Discussing changing the error status seems like a different and follow up issue to me, lets keep this focused on fixing the race condition.

j0rd’s picture

Alright, I've made this D7 patch live on my servers. Going to have a wait a couple days to see if I get any error messages. Although since they were removed with only my 1/2 fix in #19 and this patch also includes that, I doubt I will have any problems.

PS. The D7 patch could use a little formatting & logic clean up before it's RTBC. Difference in comment new lines bugs me at least.

mikeytown2’s picture

@j0rd
Upload a patch with the clean up in place so we can RTBC this :)

j0rd’s picture

I believe my "cleanup" was referring to checking to see if the lock was released succesfully and performing additional logic. In all honesty I have no idea.

With that said, I've had this patch live since may 9th, and have yet to run into this issue again.

RTBC for me.

mikeytown2’s picture

Status: Needs review » Reviewed & tested by the community
David_Rothstein’s picture

Version: 7.x-dev » 8.x-dev
Issue summary: View changes
Status: Reviewed & tested by the community » Needs work
Issue tags: +Needs backport to D7

This was never committed to Drupal 8.

Also not clear this is Drupal's bug to fix, or if it is, that it's being fixed in the right place. When the image is saved, the image toolkit's save function is called, followed by clearstatcache() (see code in image_save()). If the file doesn't reliably exist after that point, is that really Drupal's bug to fix? And if it is (i.e. if we want to work around the multiple webhead issue), shouldn't it be fixed somewhere in that code instead?

David_Rothstein’s picture

Also, if the lock is being released too early, why not just move the lock release code later (rather than having two independent do-while loops)? There should really only be a need for a single do-while loop.

mikeytown2’s picture

Looks like D8 has dramatically changed since the patch in #25 was created and thus needs to be re-rolled. The D7 code doesn't have any existing loops from what I can see. Is this the location of the image style generation code in D8 ImageStyleDownloadController::deliver? Also appears that D8 doesn't have any loops currently ImageStyle::createDerivative. All I see is simple locking logic in D7 & D8.
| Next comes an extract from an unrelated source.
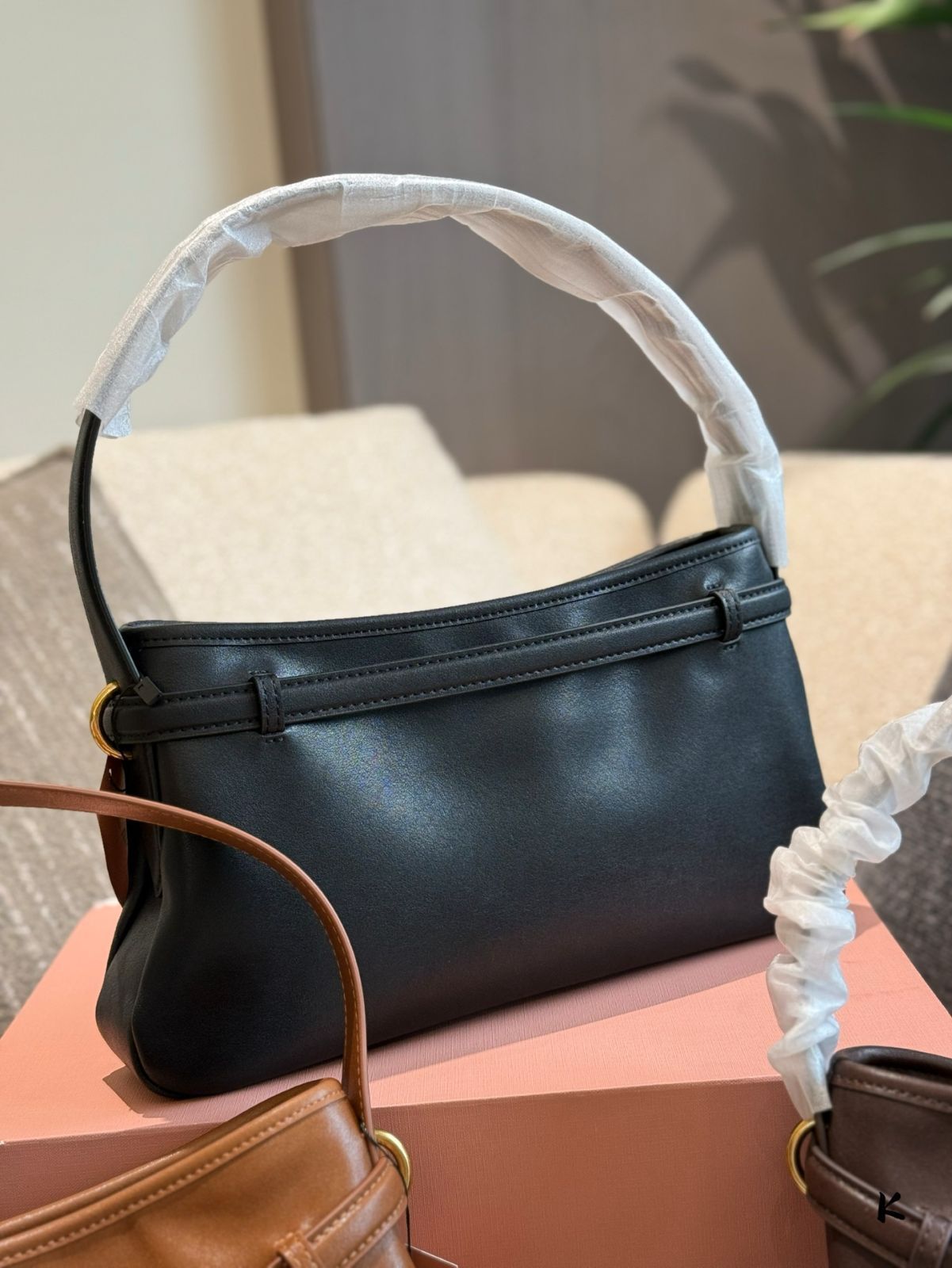 【今日特価】MIUMIU Aventure Nappa アームピッチバッグ（35cm）-MM輸入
If the file doesn't reliably exist after that point, is that really Drupal's bug to fix? And if it is (i.e. if we want to work around the multiple webhead issue), shouldn't it be fixed somewhere in that code instead?

Fixing it higher up in the code has been attempted in core but hasn't gotten anywhere.
http://mikeytown2.drupalgardens.com/content/all-file-operations-future-v...
#1377740: file_unmanaged_move() should issue rename() where possible instead of copy() & unlink()
I agree that fixing it in the image code isn't ideal. Can you point me to what code is actually ran when $image->save($derivative_uri) is called so that I can mark this issue a duplicate of the correct issue or create a new one?

Noted that this might be fixed in D8 if $image->save($derivative_uri) uses atomic file operations. Also noted that a fix could also be present depending on how

  if ($success) {
    $image = $this->imageFactory->get($derivative_uri);
    $uri = $image->getSource();

works. Example atomic save using D7 API's in advagg_save_data()

claudiu.cristea’s picture

@mikeytown2,

Here's the generic Image::save() — called in $image->save($derivative_uri).

This one calls the toolkit specific save. By default GDToolkit::save() is called.

mikeytown2’s picture

Status: Needs work » Closed (duplicate)

Going to mark this issue as a duplicate of #1377740: file_unmanaged_move() should issue rename() where possible instead of copy() & unlink() as GDToolkit::save() uses file_unmanaged_move(). If this is indeed a separate issue, please reopen with a good example/explanation.